Il monito dell’Oms arriva al termine di una settimana di mobilitazione della comunità internazionale per mettere fine alla crisi in Darfur che dal febbraio del 2003, quando due gruppi ribelli sudanesi hanno preso le armi contro il governo di Khartoum per rivendicare maggiori risorse per lo sviluppo delle proprie aree marginalizzate, ha portato oltre 200.000 rifugiati, per lo più donne e bambini, a cercare riparo nel confinante Ciad. Tra uno e due milioni di persone sono invece sfollate all’interno del Sudan con pochi aiuti umanitari, il cui arrivo è ostacolato da Khartoum, e senza alcuna protezione governativa. Il segretario generale delle Nazioni unite, Kofi Annan, si è recato ieri nei campi profughi in Ciad, dove ha lamentato l’insufficienza degli sforzi internazionali, ed è andato a Khartoum per parlare con le autorità sudanesi, così come ha fatto il segretario di stato Usa, Colin Powell. Quarantotto studenti dal Darfur sono stati arrestati e caricati dalla polizia sudanese giovedì scorso mentre tentavano di consegnare un messaggio ad Annan.

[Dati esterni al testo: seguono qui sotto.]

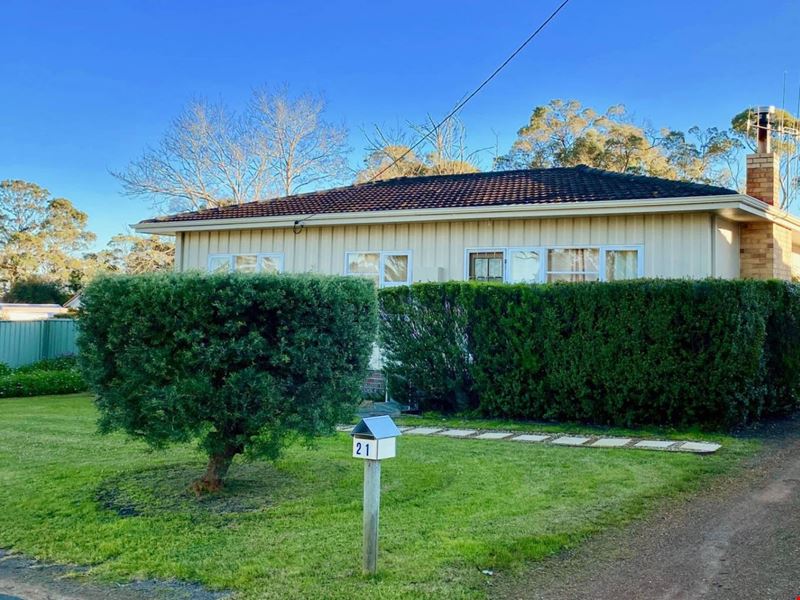 21 Ormond Road, Mount Barker WA 6324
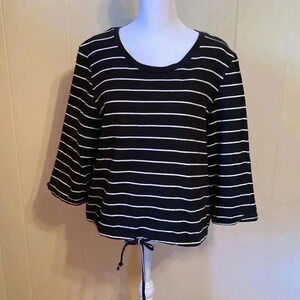Dip Black with White Striped, Cropped Tie at the Bottom, 3/4 Sleeve Large Top.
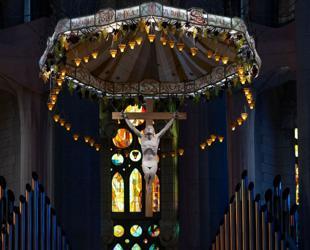 Sagrada Familia reaches new heights despite delays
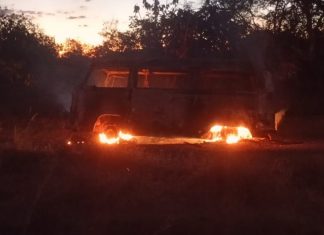 VÍDEO: Kombi escolar pega fogo enquanto transportava alunos da zona rural
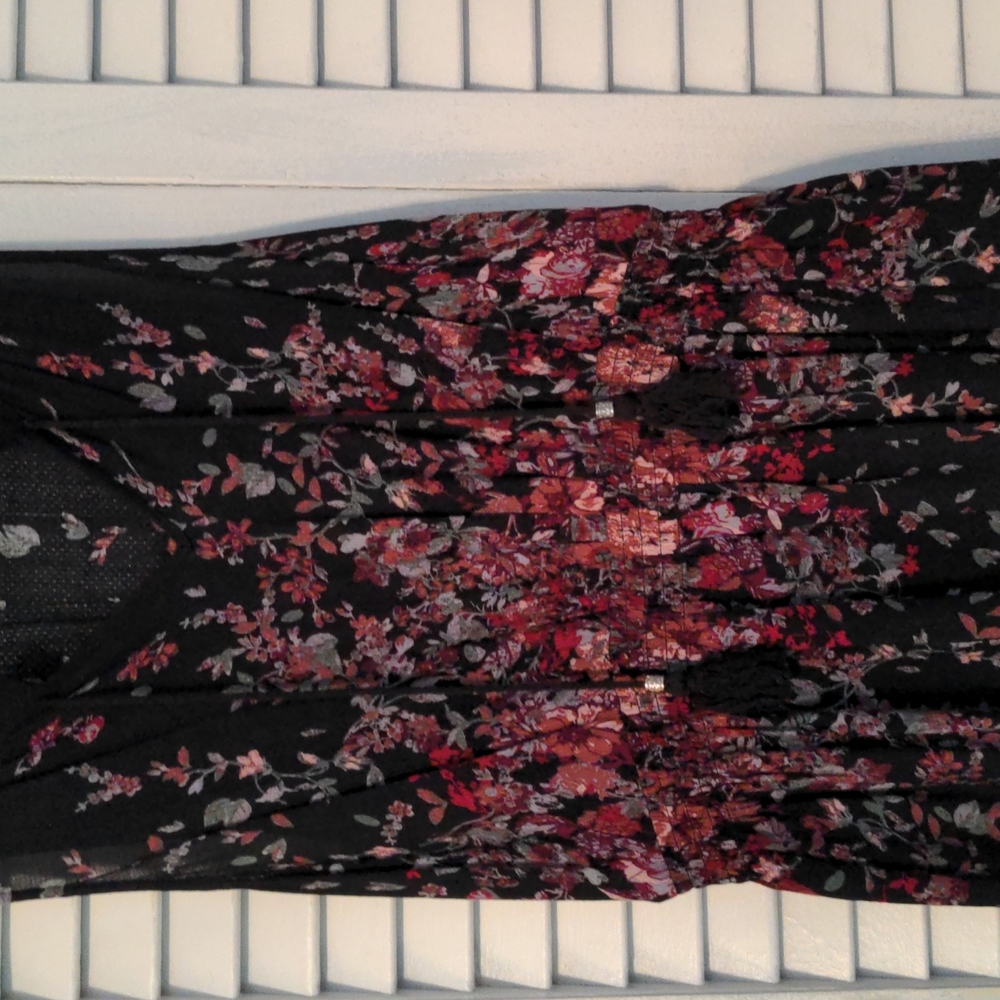 NWOT Floral Dress - Picture 2 of 4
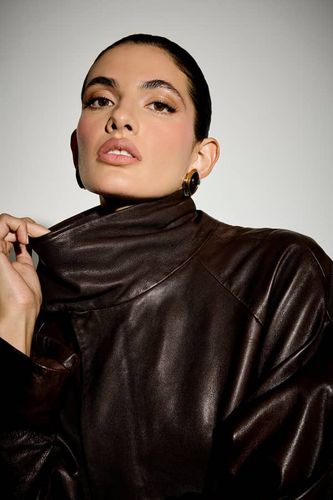 Veste Leonie En Cuir Véritable Ceinturée - Guess - Modalova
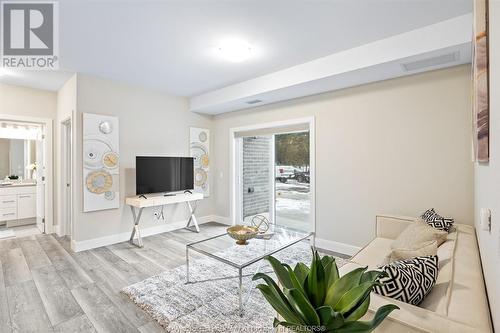 190 Main Street East Unit# 410, Kingsville, ON - Indoor Photo Showing Living Room
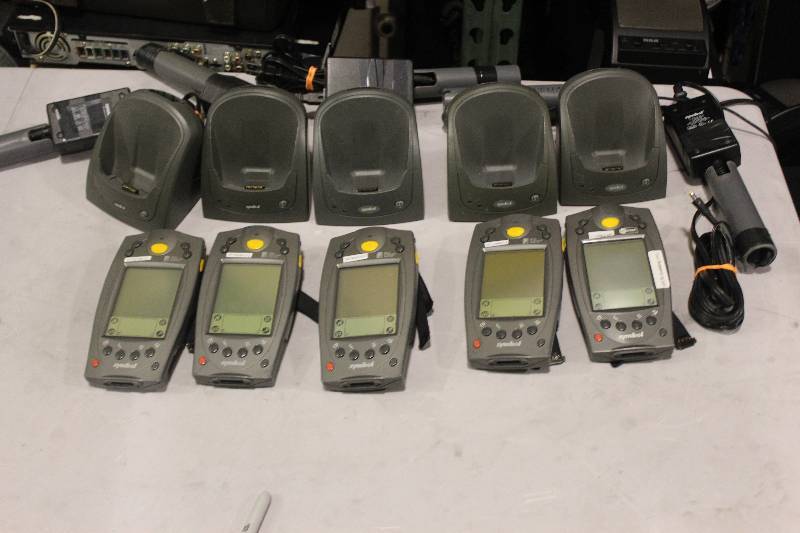 lot 548 image: Lot of (5) Palm Computing Platform SPT 1700 Handset w Charger & Cord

Powell ha minacciato chiedere al Consiglio di sicurezza di occuparsi della questione – leggi sanzioni, ma non peacekeepers – se il governo del presidente Omar al Bashir non disarmerà i Janjaweed, coloro che cavalcano i cammelli con un fucili in arabo, nella loro opera di barbarie e di razzia ai danni delle gente del Darfur «entro giorni o settimane». Le altre clausole imposte da Washington, che vuole chiudere nelle prossime settimane senza ombre e con il suggello di Bush la pace nell’altra ventennale guerra civile nel sud Sudan, sono un accesso illimitato agli aiuti umanitari all’interno del Darfur e la riapertura dei negoziati con i ribelli (attualmente vige tra le parti un cessate il fuoco che scadrà il prossimo 10 luglio ndr).

Intanto dal terreno giungono notizie di nuovi scontri. Tre villaggi nel Darfur meridionale controllati dai ribelli sono stati attaccati dagli elicotteri governativi. Per questo motivo – e per il rifiuto della mediazione, considerata troppo filo-sudanese, del Ciad – i ribelli hanno deciso di non partecipare ai nuovi colloqui il cui inizio era previsto ieri.